Cette comm m’a coûté cher : ils m’ont repéré et choppé à la frontière Géolilloise. J’ai perdu presque toutes mes affaires mais j’ai toujours l’essentiel, la balise ! et l’implant a l’air de fonctionner encore. Il faut qu’il tienne jusqu’au poste frontière de Lançon, c’est là que tout va se jouer !
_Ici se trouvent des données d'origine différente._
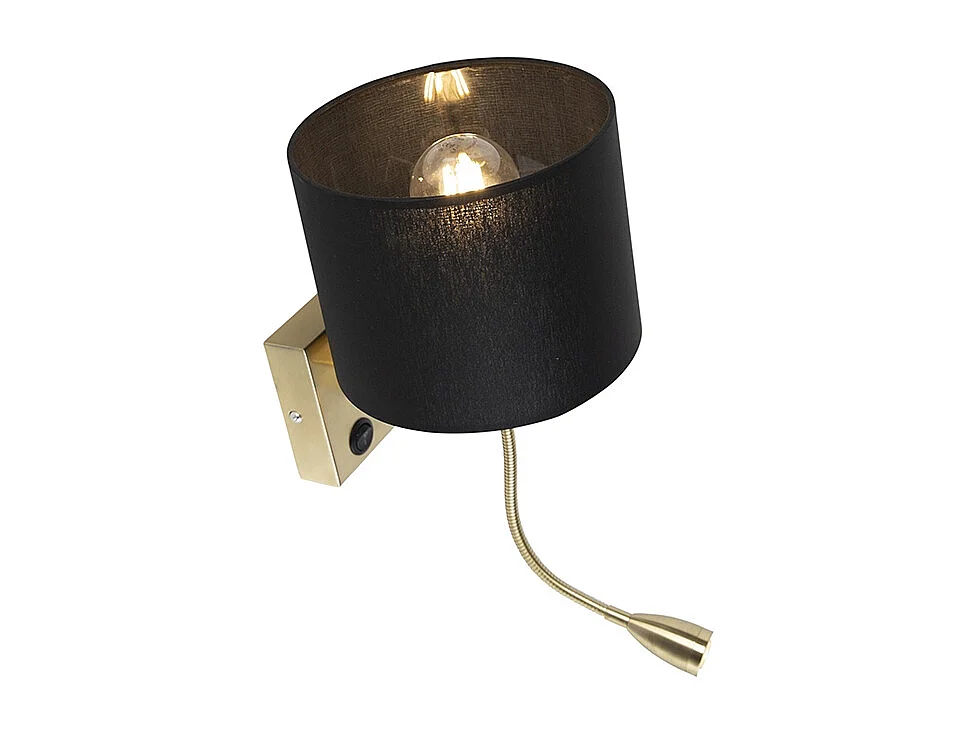 Applique art déco or avec abat-jour noir - Brescia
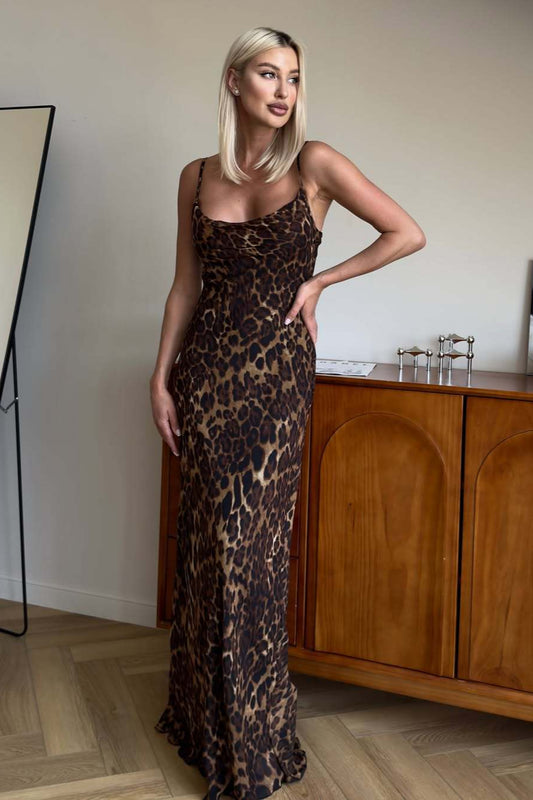 Tief ausgeschnittenes Camisole-Maxikleid mit Leopardenmuster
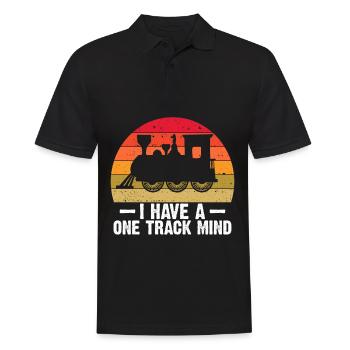 Train Single Line Mind Railroad Locomotive - Men's Polo Shirt - black - Front - Kai (181cm)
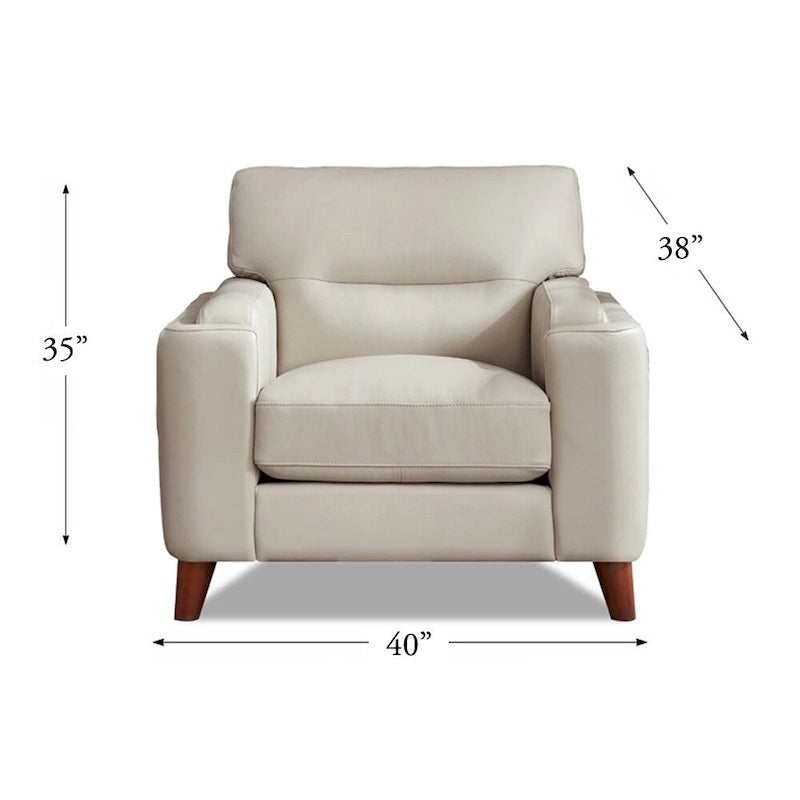 Fauteuil Hydeline Elm en cuir pleine fleur avec plumes, mousse à mémoire de forme et ressorts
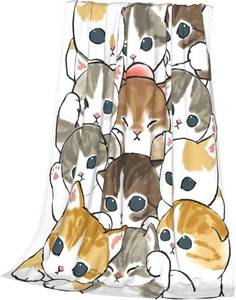 lot 3532 image: Kitten Cats Print Flannel Blanket for Cat Lovers, Warm Bed Throw Blanket, Lightweight Soft Cozy Fleece Blanket, Anti-Pilling All Seasons Blanket for Sofa Bed Couch 60x50 Inch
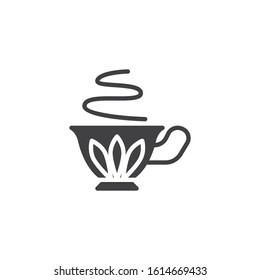 Vintage cup with aroma tea vector icon. filled flat sign for mobile concept and web design. Hot coffee cup glyph icon. Symbol, logo illustration. Vector graphics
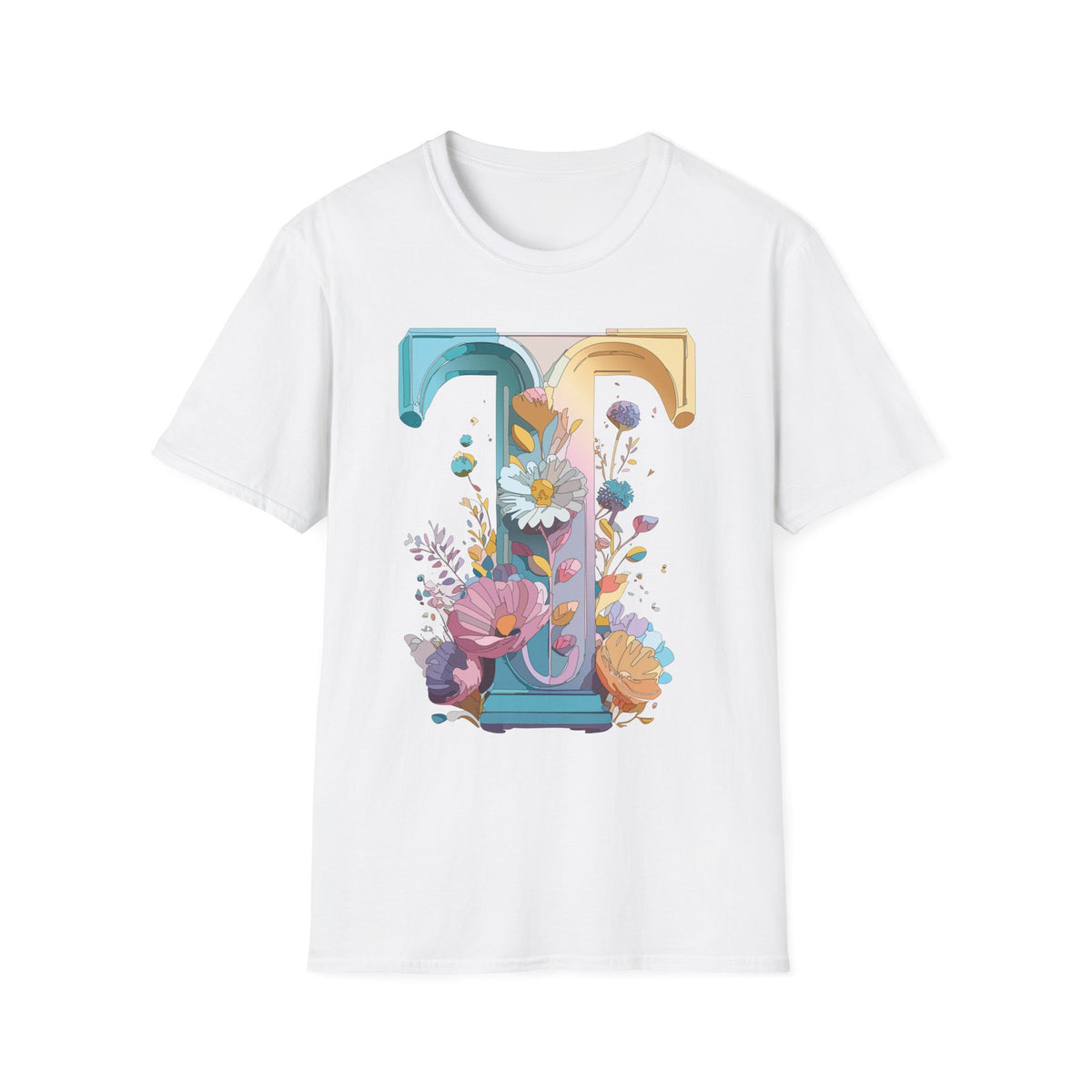 Floral Letter T Monogram T-Shirt | Botanical Initial Tee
La bonne nouvelle c’est ma rencontre avec Bodicae, c’est elle qui m’a sauvé. Elle est sortie de nulle part, une ombre mortelle qui m’a débarassé des Volants. Après ça a été une course folle pendant 3 jours, je n’en reviens toujours pas qu’on s’en soit sorti. Bodicae est assez secrète mais je crois qu’elle m’aime bien. En tous cas on est deux maintenant, et ça change tout.

15 Mai 2516

Bodicae… On s’est séparé pour augmenter nos chances de passer. Je suis sûr qu’on se retrouvera de l’autre côté. Le poste est devant moi, c’est l’instant de vérité. Moi, Sven, l’enfant des terres gelées de Klässborg, dont la famille est opprimée sous le regard impassible des Etats-Unis d’Europe, je vais peut-être bientôt rejoindre le monde libre. Depuis que Métro-Mahr-Sey a rejoint la Fédération Africaine Libre en 2484, c’est devenu la dernière enclave sur le territoire européen. Entrer à Mahr-Sey, c’est s’ouvrir la route de l’espoir vers le Sud. Là-bas, on dit qu’ils ont réussi à ne pas dépendre de Carbocorp et consort, qu’ils ont apprivoisé l’énergie et ont construit des micro-sociétés autonomes où le bonheur n’est pas un rêve. La balise permettra à ma famille de me rejoindre. J’y arriverai !

18 Mai 2516

J’ai actionné le mode télépathique du carnet. Imposible de profiter du spectacle et d’écrire en même temps, et tant pis si ça grille mes derniers crédits ! J’ai passé la douane tôt ce matin, il devait être 4h30. Et le digimask a fonctionné, ils n’y ont vu que du feu ! Après les dernières galères je commençais à douter des talents de hacker d’Ichem. Ce que je vois maintenant c’est tout simplement… Irréel. Ma barque s’apprête à passer sous l’Arche Portedex, l’entrée Nord de Mahr-Sey. Je suis entouré d’embarcation toutes aussi incoyables les unes que les autres, certaines ont des voilures que je n’avais jamais vu dans les numérimagiers de mon enfance. Et en face, le phare Bonne-Mer surplombe la ville engloutie, ses rayons multicolores dardent dans toutes les directions. Je me laisse submerger par un sentiment de liberté. J’ai réussi. Mes yeux s’embuent de larmes pendant que mon esprit réfléchit déjà à la suite : laisser les instructions sur la neuro-sonde pour que les autres puissent me rejoindre.